Defendant asserts this result leaves him without a court remedy. He realizes he can request a hearing to rescind his suspension under section 2-118.1 of the Code (Ill. Rev. Stat. 1985, ch. 95 1/2, par. 2-118.1) but notes this only requires a finding of probable cause to sustain the suspension. To sustain the criminal DUI case, he must be found guilty beyond a reasonable doubt. He argues this results in inequity since it is possible for a person, as evidenced by this case, to receive a statutory summary suspension and yet have dismissed or be acquitted of the DUI charge. We can only direct his attention to the earlier Discussion showing that the statutory summary suspension and the criminal DUI case are separate creatures, and the result in one does not affect nor is it contingent upon the result of the other.

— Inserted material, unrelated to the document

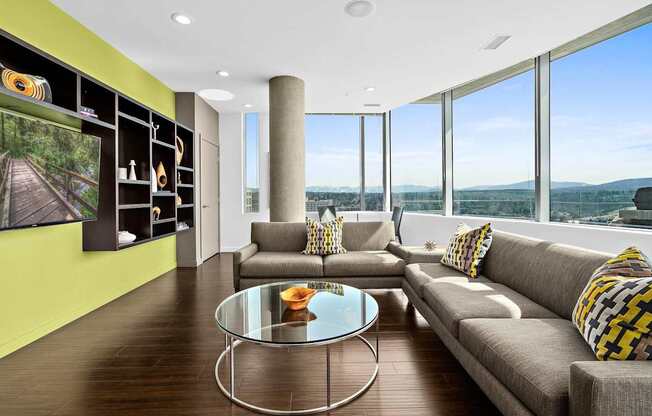 A modern living room with a glass table and a grey couch.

Similarly, we find defendant's due process argument without merit. We again note that the statutory summary suspension and the DUI charge are separate entities with separate penalties. Simply because the penalty in one appears to mirror one of the penalties in the other does not raise questions of due process. We cannot help but note for the edification of defendant that the penalties imposed for each are quite dissimilar. In the case of the statutory summary suspension, the penalty is a suspension of driving privileges for up to one year which will be restored upon completion of the suspension with payment of all appropriate fees. (Ill. Rev. Stat. 1985, ch. 95 1/2, par. 6-208.1.) In the case of a DUI conviction, a person can receive up to 365 days in jail and/or up to a $1,000 fine, and his driving privileges will be revoked for one year. (Ill. Rev. Stat. 1985, ch. 95 1/2, par. 11-501.) Upon expiration of the one year, the person convicted of DUI must reapply to receive his license. The Secretary of State must be satisfied that this person will not endanger the public's safety if he is allowed to drive. (Ill. Rev. Stat. 1985, ch. 95 1/2, par. 6-208.) This can be a time-consuming process, and often the new licenses is not issued.
For the reasons stated above, the decision of the circuit court of Sangamon County is affirmed.